Talk with your healthcare provider about side effects you might have and ways to manage them. There may be things you can do and medicines you can take to help prevent or control side effects.
Many people feel worried, depressed, and stressed when dealing with cancer. Getting treatment for cancer can be hard on your mind and body. Keep talking with your healthcare team about any problems or concerns you have. Work together to ease the effect of cancer and its symptoms on your daily life.
Here are tips:
Talk with your family or friends.
Ask your healthcare team or social worker for help.
Speak with a counselor.
Talk with a spiritual advisor, such as a minister or rabbi.
Ask your healthcare team about medicines for depression or anxiety.
Keep socially active.
Join a cancer support group.
Cancer treatment is also hard on the body. To help yourself stay healthier, try to:
Eat a healthy diet, with a focus on high-protein foods.
Drink plenty of water, fruit juices, and other liquids.
Keep physically active.
Rest as much as needed.
Talk with your healthcare team about ways to manage treatment side effects.
Take your medicines as directed by your team.
Your healthcare provider will talk with you about when to call. You may be told to call if you have any of the below:
New symptoms or symptoms that get worse
Signs of an infection, such as a fever
Side effects of treatment that affect your daily function or don’t get better with treatment
Ask your healthcare provider what signs to watch for and when to call. Know how to get help after office hours and on weekends and holidays.
Know the reason for your visit and what you want to happen.
Before your visit, write down questions you want answered.
Bring someone with you to help you ask questions and remember what your provider tells you.
At the visit, write down the name of a new diagnosis, and any new medicines, treatments, or tests. Also write down any new instructions your provider gives you.

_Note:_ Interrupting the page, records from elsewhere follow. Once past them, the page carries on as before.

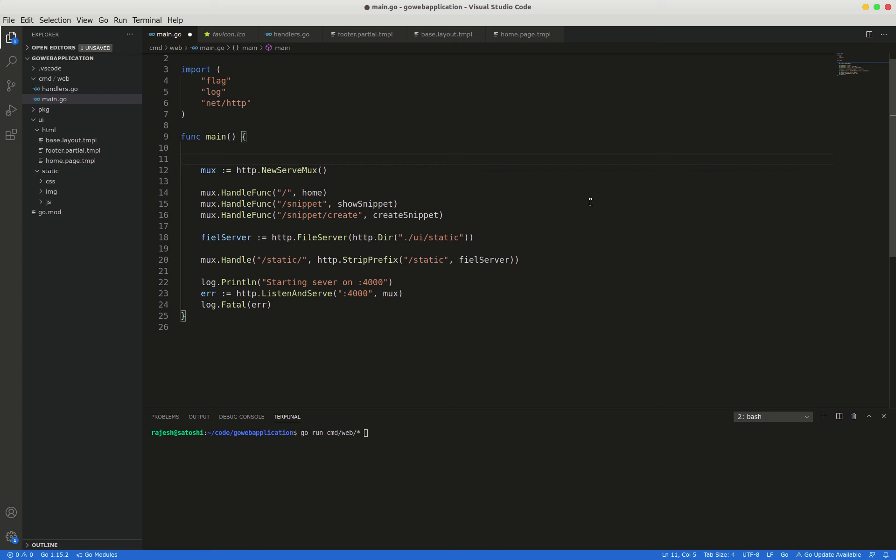In Golang, a common way to manage configuration settings is to use command-line flags when a web application is starting.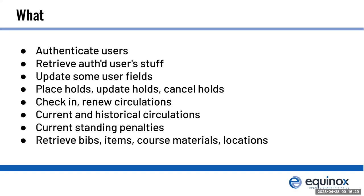So what can you do with it right now? You can authenticate as a user, and then as that user you can check out and renew. You can do all kinds of hold stuff. You can get your current circulations, your previous circulation history if you've opted into that, in all the same ways that Evergreen would be able to present it in the OPAC or in the staff client. You can get your own standing penalties that are available to see. If there are private ones, staff-only ones, this won't expose those. And you can get bibs, items, course materials and locations, and other random little pieces of information that may be useful when you're building something for a patron to use.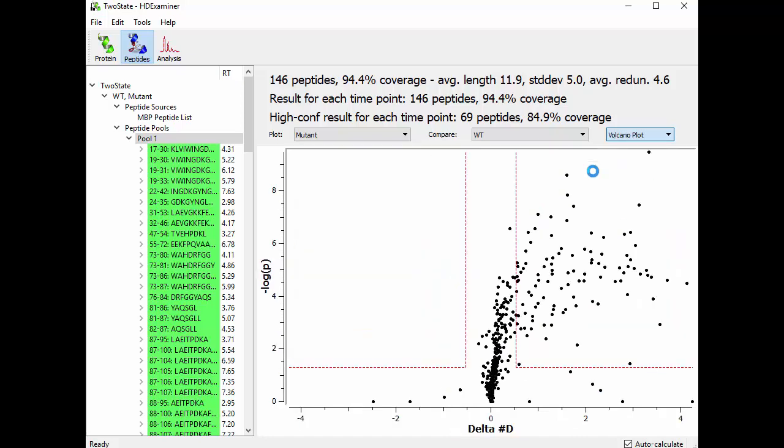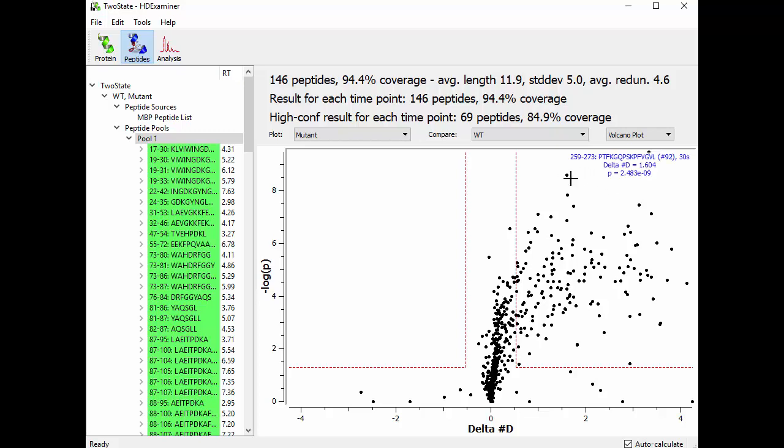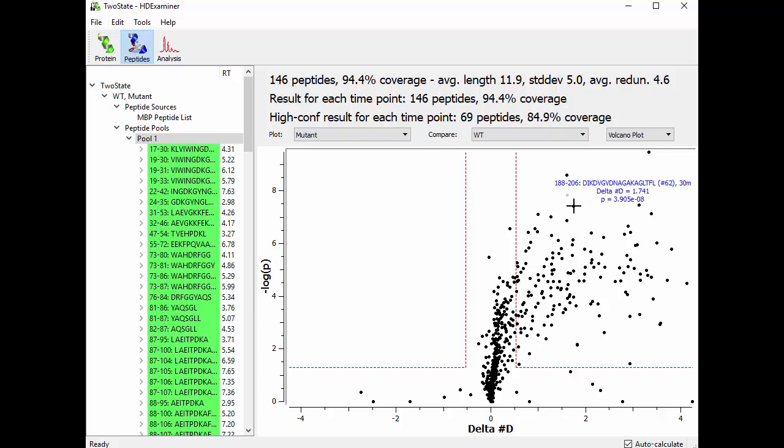So if you select that, you see a plot that looks like this. So what are we looking at here?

Know why a new medicine or treatment is prescribed, and how it will help you. Also know what the side effects are.
Ask if your condition can be treated in other ways.
Know why a test or procedure is recommended and what the results could mean.
Know what to expect if you do not take the medicine or have the test or procedure.
If you have a follow-up appointment, write down the date, time, and purpose for that visit.
Know how you can contact your provider if you have questions.